Nesse momento, um homem que estava na rua foi agredido por um dos agentes, segundo vídeo que circula nas redes sociais. Além disso, pelo menos quatro pessoas teriam ficado atordoadas por conta do spray de pimenta lançado pela GCM em alguns pontos. “Um integrante do bloco chegou a ficar desacordado por 20 minutos por conta disso”, diz Thiago. Ele afirma não ter havido confronto em nenhum momento, mas inquietude por parte dos foliões, que não entendiam o porquê daquilo estar acontecendo.
“Na hora que acaba o bloco as pessoas não têm que sair da rua e ir para a casa, a gente está ali vivendo o carnaval. As pessoas têm o direito de estar na rua, não tinha nenhuma atividade ilícita, não tinha nada errado ali”, afirma. “Geralmente vem uma viatura e, no diálogo, a gente consegue organizar. Mas não houve diálogo.”
O dossiê diz também que, no Jegue Elétrico, realizado no domingo de carnaval, 19, em Pinheiros, zona oeste, “uma viatura da PM entrou no meio do bloco atingindo a bateria e forçando o rebaixamento das cordas”. A intervenção ocorreu, segundo esse relato do coletivo de blocos, pois os agentes queriam saber se o grupo tinha autorização para o desfile. Episódios em outros cortejos também são citados no documento.
Além da Defensoria Pública, as entidades enviaram o material para a Frente Parlamentar do Carnaval, a Câmara Municipal de São Paulo e também para a Ouvidoria da PM. Remeteram também o documento ao prefeito Ricardo Nunes (MDB).
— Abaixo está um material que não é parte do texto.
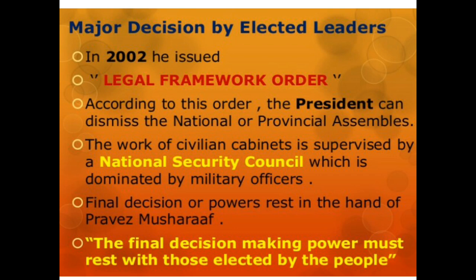The final decision-making power must rest with those elected by the people — this is the feature of a democratic country. However, in this case study we have seen that military ruler Pervez Musharraf dismissed the governments, took control of the entire country, and started taking all the major decisions. Therefore, Pakistan under Pervez Musharraf was non-democratic.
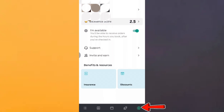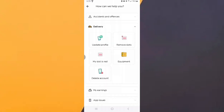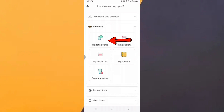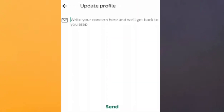Then, in the bottom right corner of your screen, just look for your profile icon and click on it. You will then be redirected to the help and support page.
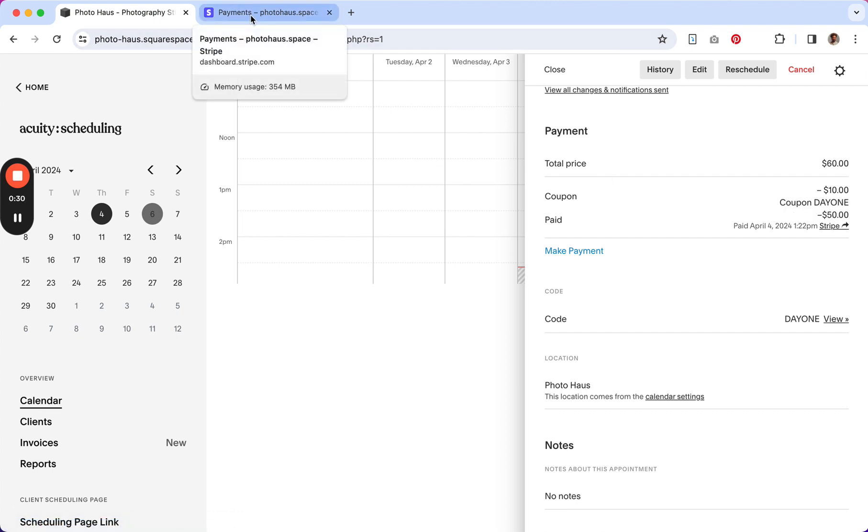And then within Stripe, I simply make the refund comment and the refund is complete.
Procurada, a Prefeitura disse não compactuar com condutas inadequadas e que todas as denúncias são “rigorosamente apuradas”. O Comando Geral da Guarda Civil Metropolitana, continuou, abriu apuração preliminar para averiguar os casos.
;”Atos isolados não representam o excelente trabalho que a Guarda realizou para garantir a proteção dos foliões durante as centenas de blocos de rua espalhados por todas as regiões da capital”, disse, em nota. “A GCM colaborou de forma significativa para garantir um carnaval mais seguro na cidade, com aproximadamente 1,4 mil agentes e 300 viaturas por dia nas ruas, além de 60 motos extras por dia.”
A Polícia Militar afirmou, em nota, que, após o término do Bloco do Fuá, “houve tumulto devido à aglomeração e algumas pessoas jogaram diversas garrafas e latas de bebidas contra os policiais militares; inclusive um deles foi ferido na cabeça, e precisou de socorro médico”.
“Foi necessária a ação policial para retomada da quebra da ordem pública, com o apoio da Guarda Civil Metropolitana”, afirmou a pasta. “Não foi reportado à Polícia Militar nenhum caso de pessoas feridas relacionadas ao fato.”
A polícia disse ainda que foram atendidas 301 mil chamados durante o carnaval de São Paulo. “Em todos eles, não foi relatada agressão policial”, afirmou. “A Polícia Militar reitera o seu compromisso diuturno de não compactuar com quaisquer desvios dos seus agentes, demonstrando transparência em todas as suas ações.”